Habían oído hablar del «Euphrosyne», pero sabían también que difícilmente y sólo en circunstancias extraordinarias admitía pasaje. Su servicio era de carga general en su viaje a los puertos del Amazonas y caucho al retorno. Precisamente lo que ellos necesitaban. El señor Dalloway se limitó a escribirle a Lord Glenaway… lo demás vino por sus propios pasos y el señor Jackson no representó un obstáculo digno de tenerse en cuenta.
Una semana después un bote cruzaba las aguas del Tajo, acercándose al «Euphrosyne» y llevando a bordo a los esposos Dalloway. Su llegada causó algo de revuelo, y varios pares de ojos pudieron comprobar que la señora Dalloway era alta, esbelta e iba elegantemente vestida, y su esposo de estatura corriente, pero de buena complexión y con indumentaria deportiva. Él llevaba una cartera de papeles de negocios y ella un magnífico maletín neceser, pero estaban completamente rodeados de maletas, baúles y maletines, todos ellos de excelente calidad.
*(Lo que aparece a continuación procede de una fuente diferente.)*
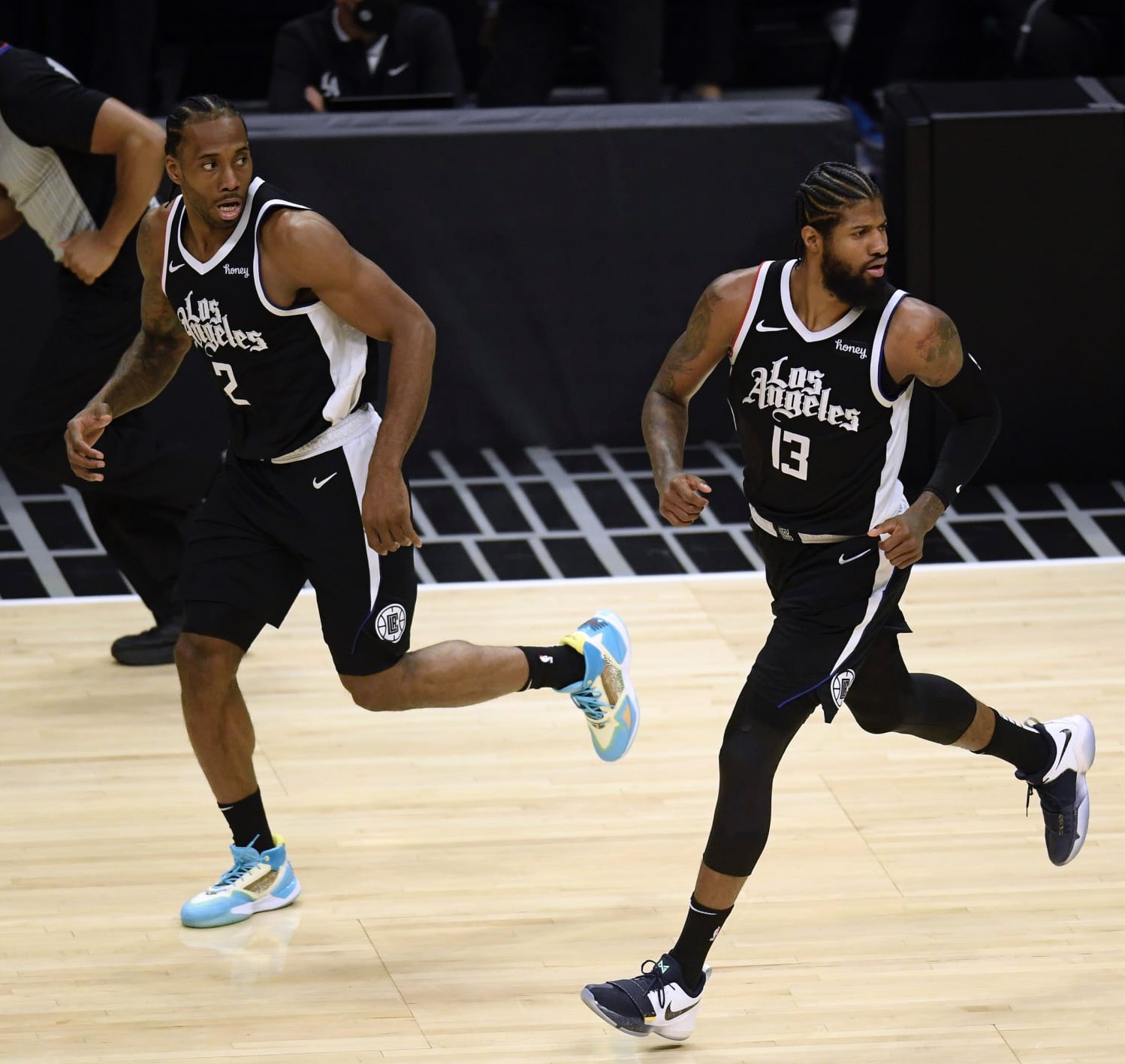 扩大战术边 扩大战术边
—¡Cómo se parece esto a Whistler! —dijo la señora Dalloway, señalando hacia la playa. Dirigió una sonrisa a Rachel y se volvió hacia Willoughby, que en aquel momento presentaba a la señora Chailey, para que les indicase su camarote.
Aquella interrupción en la vida de a bordo resultó desconcertante y molesta para todos, desde Grice, el mayordomo, al indiferente Ridley.
Minutos después pasó Rachel por el fumador, encontrando a Helen ocupada en corregir la posición de los sillones. Al ver a su sobrina, dijo confidencialmente:
—Los hombres, cuanto más a gusto se encuentran, menos molestan, y para esto los butacones son instrumentos esenciales. ¿Qué te parece? A mí sigue recordándome una cantina de estación.
Quitó un tapetillo de encima de la mesita, corrigió de nuevo la posición de las butacas, arregló los almohadones y se detuvo a contemplar el resultado. El aspecto general del saloncito había mejorado notablemente.
El gong anunciando la hora de la cena sorprendió a Rachel sentada al borde de su litera, mirándose en el espejito colgado del tabique sobre el lavabo. El espejo le mostraba una expresión de profunda melancolía. Pensaba que su cara no tenía facciones bonitas, cosa que ya nunca podría conseguir y esto la apenaba profundamente.